### WORK TO COMPLETE:
Down to the last line, print the data that follows exactly, without its pictures.

[DATA Boundary: Start]

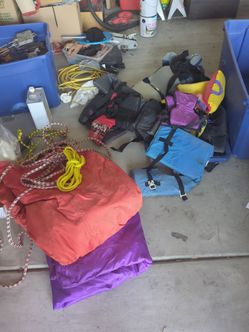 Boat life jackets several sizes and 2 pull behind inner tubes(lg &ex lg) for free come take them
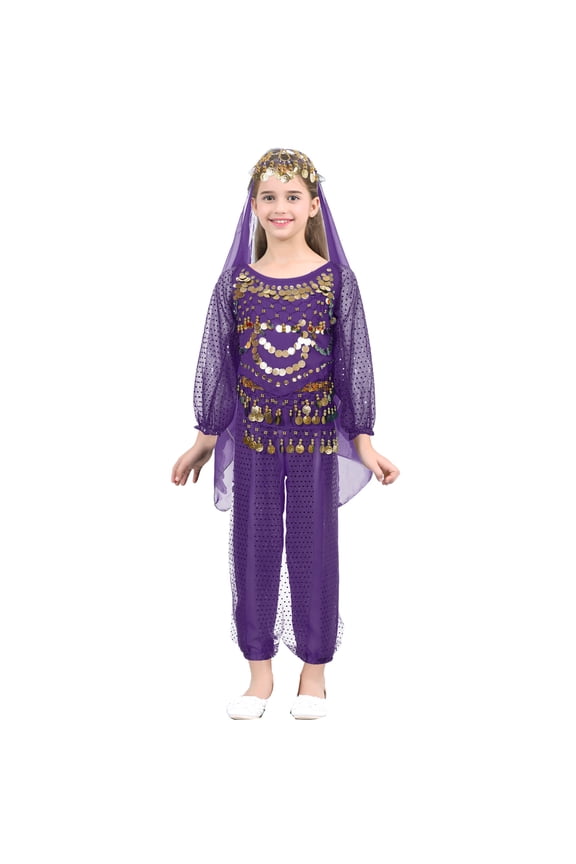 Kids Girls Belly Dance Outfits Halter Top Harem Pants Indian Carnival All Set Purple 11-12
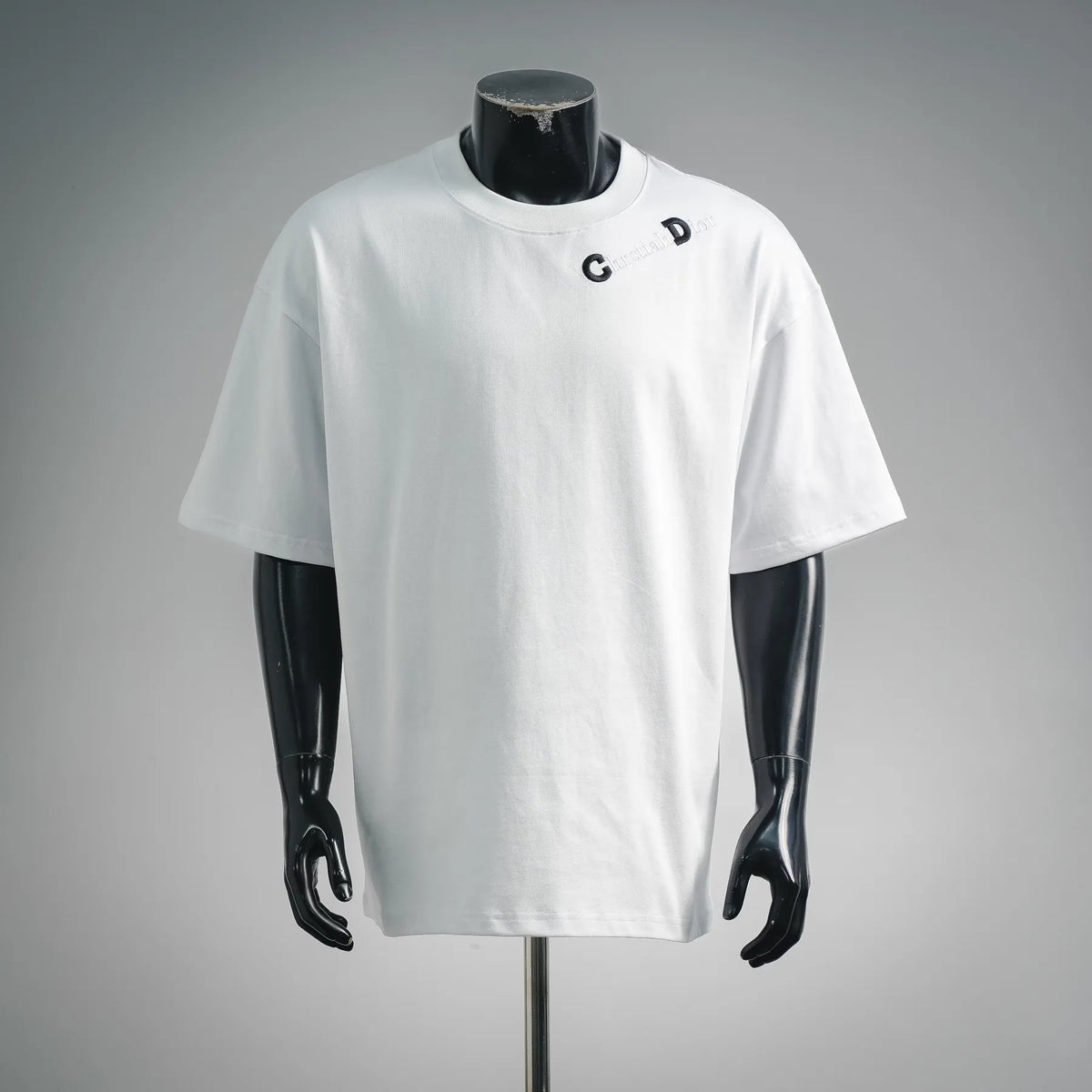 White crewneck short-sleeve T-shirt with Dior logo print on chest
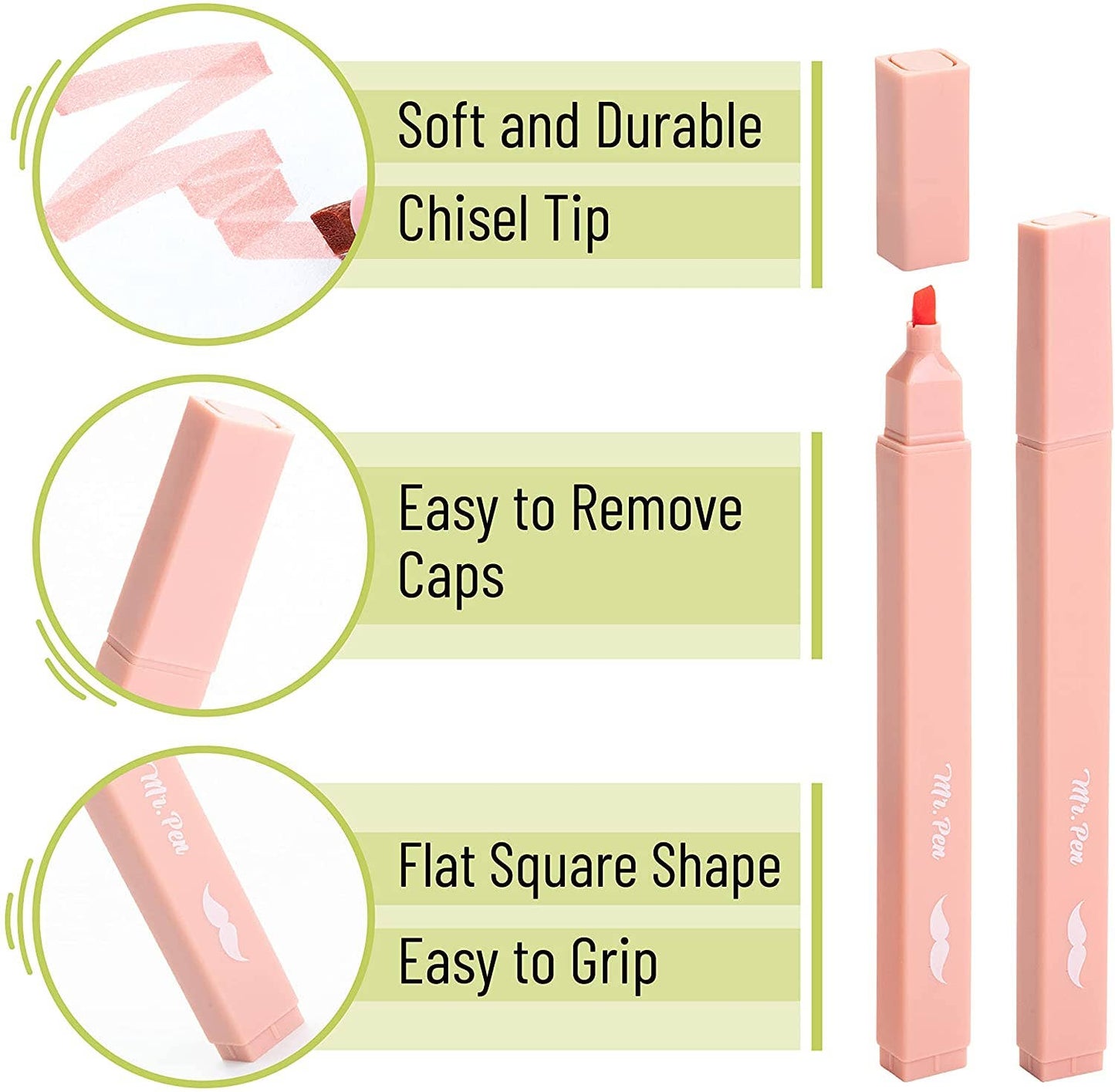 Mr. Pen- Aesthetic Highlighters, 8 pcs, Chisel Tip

[DATA Boundary: End]

### ANSWER SECTION:
 Boat life jackets several sizes and 2 pull behind inner tubes(lg &ex lg) for free come take them
 Kids Girls Belly Dance Outfits Halter Top Harem Pants Indian Carnival All Set Purple 11-12
 White crewneck short-sleeve T-shirt with Dior logo print on chest
 Mr. Pen- Aesthetic Highlighters, 8 pcs, Chisel Tip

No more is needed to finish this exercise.